- _INSTRUCTIONS TO FOLLOW_
Each line of the listing below must be retyped exactly, with images left out.

---------- SUPPLIED INFORMATION

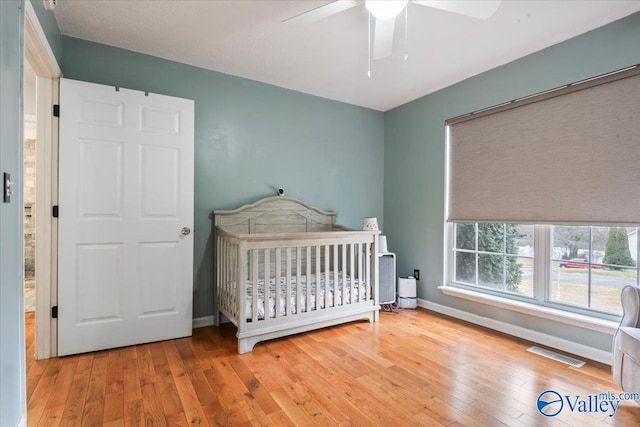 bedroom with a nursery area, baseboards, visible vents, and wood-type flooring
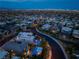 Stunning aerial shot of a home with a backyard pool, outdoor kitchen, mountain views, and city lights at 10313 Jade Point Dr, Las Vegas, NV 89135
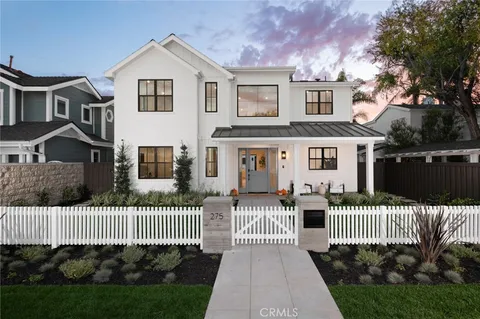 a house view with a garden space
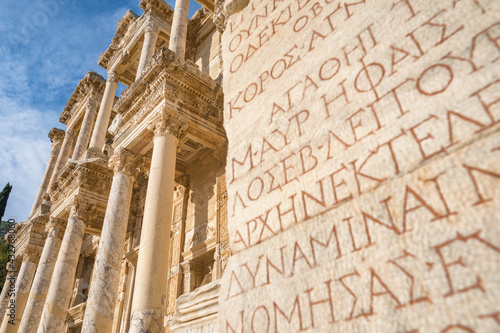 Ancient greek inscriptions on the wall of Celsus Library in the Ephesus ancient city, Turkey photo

--------------------

- _SOLVED EXERCISE_
 bedroom with a nursery area, baseboards, visible vents, and wood-type flooring
 Stunning aerial shot of a home with a backyard pool, outdoor kitchen, mountain views, and city lights at 10313 Jade Point Dr, Las Vegas, NV 89135
 a house view with a garden space
 Ancient greek inscriptions on the wall of Celsus Library in the Ephesus ancient city, Turkey photo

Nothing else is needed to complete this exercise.